Ezequiel 36, 24 – 28

 

El tiempo de la Cuaresma, como tiempo de Gracia, de llamado a la conversión, tiene una particular capacidad de recibir los mensajes que el Señor nos envía invitándonos a modificar nuestro modo de actuar, que nace, primero, de una manera de percibir la realidad, de verla, de pensarla, de interactuar con ella, de pararnos frente a ella. “Tengan ustedes los mismos sentimientos de Cristo” dirá Pablo metiéndonos en esa corriente de Gracia de conversión. El apóstol nos dice que para vivir en Cristo hace falta tener la mentalidad de Cristo, el sentir de Cristo, el actuar de Cristo. Este proceso de conversión al que nos lleva la Cuaresma, en el libro del profeta Ezequiel, desde donde hemos tomado el texto que hoy nos abre a la catequesis, se llama “Cambio del corazón”, o podríamos decir nosotros “Transplante de corazón”.

En torno a los versículos que hemos compartido, este recoger de Dios de distintos lugares a los que se han perdido en el camino de El, dirá Dios: “Para que esto ocurra definitivamente yo voy a sellar un pacto de Alianza con ustedes, y ese pacto más hondo, más profundo, éste pacto del corazón, va a ser porque Yo les voy a arrancar lo que en ustedes está endurecido, su corazón de piedra, les voy a dar un corazón de carne.

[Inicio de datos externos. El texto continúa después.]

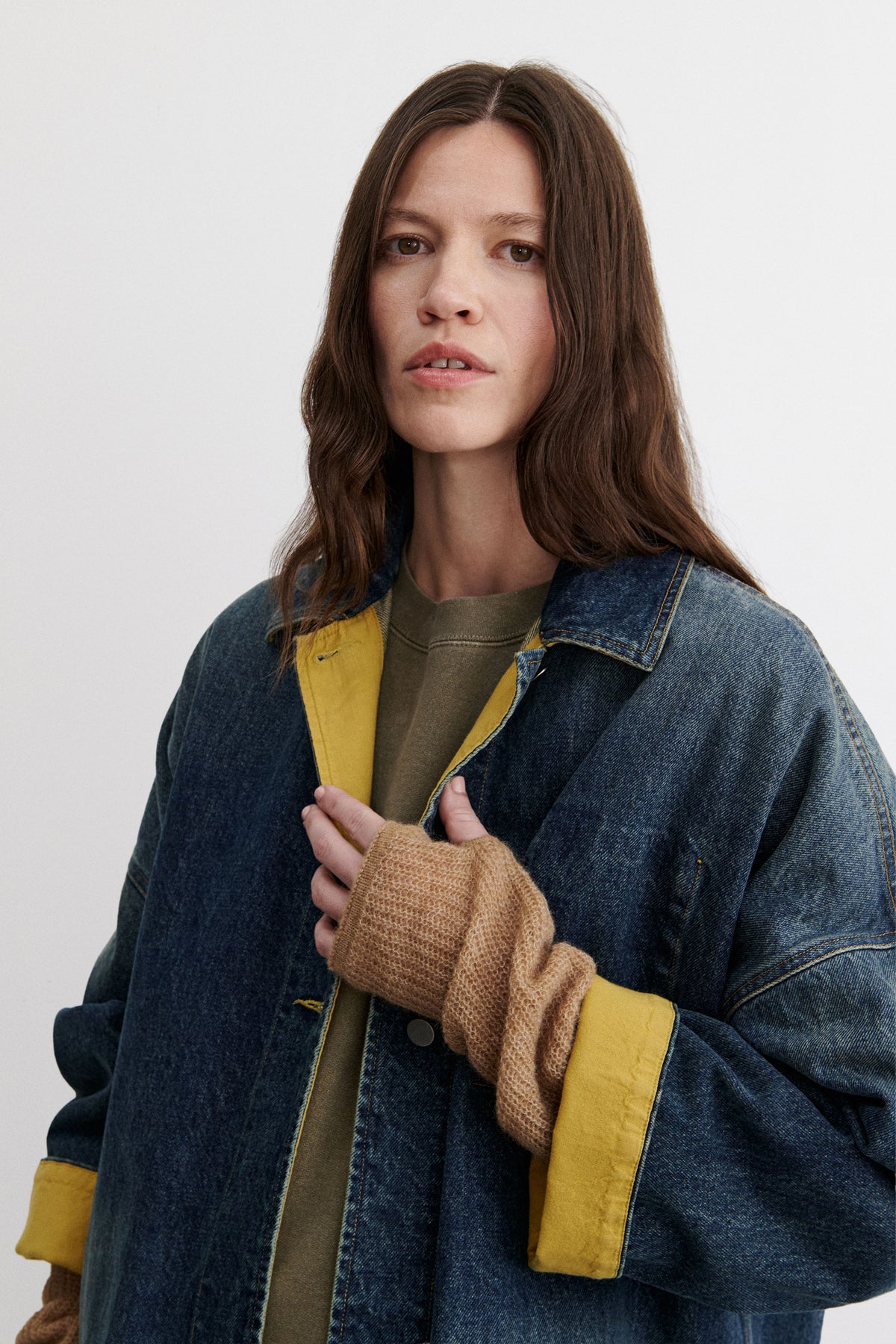 Armwarmers-KNITWEAR-Rachel Comey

Yo voy a infundir mi Espíritu sobre ustedes y ustedes serán pueblo mío y yo seré el Dios de éste pueblo”. A éste camino de transplante de corazón, a ésta mano de Dios que se tiende sobre nuestra interioridad y nos arranca de adentro lo más duro que hay en nosotros para ponernos sus propios sentimientos, su manera de mirar, de pensar la realidad, y de actuar en torno a ella, a ésta acción del Espíritu le llamamos: “Penitencia interior”.

En el Catecismo de la Iglesia Católica, cuando se habla de los Sacramentos de la sanación, es decir, el Sacramento de la Reconciliación y el de la Unción de los enfermos, se introduce éste camino en el proceso de la conversión que llamamos “Penitencia Interior”. De esto habla la Palabra, particularmente en los Profetas, cuando Dios por boca del profeta se dirige al pueblo invitándolo a volver a El. “Ni saco, ni ceniza” como signo exterior de la conversión, ni tampoco la ofrenda de animales que eran utilizados para el culto a la hora de manifestar la decisión de el que celebra de consagrarse a Dios sino un corazón abierto interiormente, dispuesto a cambiar, contrito, humillado, que se abre al querer de Dios y a su voluntad. En los Profetas se siente fuerte éste llamado, y en Jesús se repite cuando inicia su ministerio y dice “Conviértanse”.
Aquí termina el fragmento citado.